(CNN) -- Singer R. Kelly spoke briefly at a court hearing Wednesday, saying he approves of a significant change in his legal team just two months before his federal trial in Brooklyn is set to begin.
Half of his legal team, attorneys Steve Greenberg and Michael Leonard, requested to withdraw from the case with a court filing on Monday evening. Greenberg told CNN Monday he felt that Kelly was "insistent that we work with people who we felt would be rendering in effective assistance as counsel."
Leonard told CNN that he and Greenberg were "not comfortable giving responsibility to those who haven't tried a lot of federal criminal jury cases."
But Kelly's remaining attorneys, Tom Farinella and Nicole Blank Becker, told the court during a telephone status conference that Kelly had terminated Greenberg and Leonard last week prior to the attorneys' request to withdraw from the case.
"He (Kelly) does not wish to have Mr. Greenberg and Mr. Leonard represent him," Farinella said at the hearing. "We're prepared to move forward with the trial so it will not affect the administration of the court's calendar or the trial date."
Kelly faces multiple federal racketeering and sex trafficking charges, including violations of the Mann Act, which prohibits trafficking people across state lines for prostitution or sexual activity.
He's being held without bail in federal prison in Chicago, where he also faces federal and state charges. He has pleaded not guilty to all charges. Prosecutors said at the hearing Wednesday they expect Kelly to be moved to a facility in New York shortly before his Brooklyn trial begins.

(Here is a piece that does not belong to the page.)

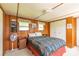 Bedroom with natural light, closet, fan and matching nightstands at 37302 Carol Ave, Zephyrhills, FL 33542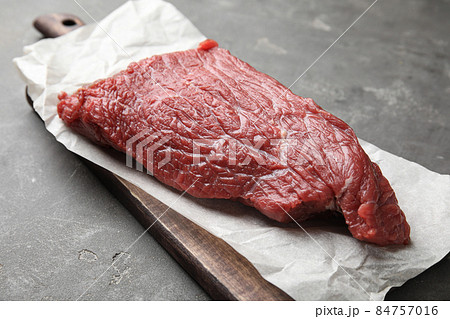 Fresh raw beef cut on grey table, closeup Fresh raw beef cut on grey table, closeup 84757016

Greenberg said he and Leonard received a document from someone "claiming to be power of attorney" for Kelly last week, and that when the attorneys went to talk to Kelly, "he wouldn't meet with us." Donnelly said she had not received notification that the attorneys had been terminated.
Greenberg said at the hearing that after he and Leonard filed a motion to withdraw, he received an email from Kelly "indicating that he did not want us to continue on the matter."
Kelly confirmed to US District Judge Ann Donnelly that his wish was to continue forward with Becker and Farinella.
"I apologize for the confusion," Kelly said. "I'm thankful that you're giving me a chance to say something about it."
Kelly was quickly cut off by Donnelly, who warned him to consult with his lawyers before speaking.
Donnelly also asked Greenberg and Leonard to file a motion outlining any other concerns they have with Kelly's current legal representation.
Greenberg also cited concerns that involve health matters of one of the attorneys who would remain on Kelly's team.
"It came down to the point where we were discussing witness assignments. Frankly, everyone wants to do opening, everyone wants to do closing and that just can't be because there's just one of each," Greenberg said. "We also have some concerns with certain of the members of the defense have documented some mental health issues where they can't deal with stress. We didn't want to give them the most important witnesses because ... they shut down in those situations."
Farinella, in response to Greenberg's assertion, sent this statement to CNN: "My mental health problems from over a decade ago and the resulting disciplinary matter have nothing to do with this case or my ability to effectively and competently represent Mr. Kelly."
Donnelly will need to approve of the change in Kelly's legal team but said that she would not further delay the trial. Jury questioning is scheduled to begin on August 9 and the trial is scheduled to begin on August 11.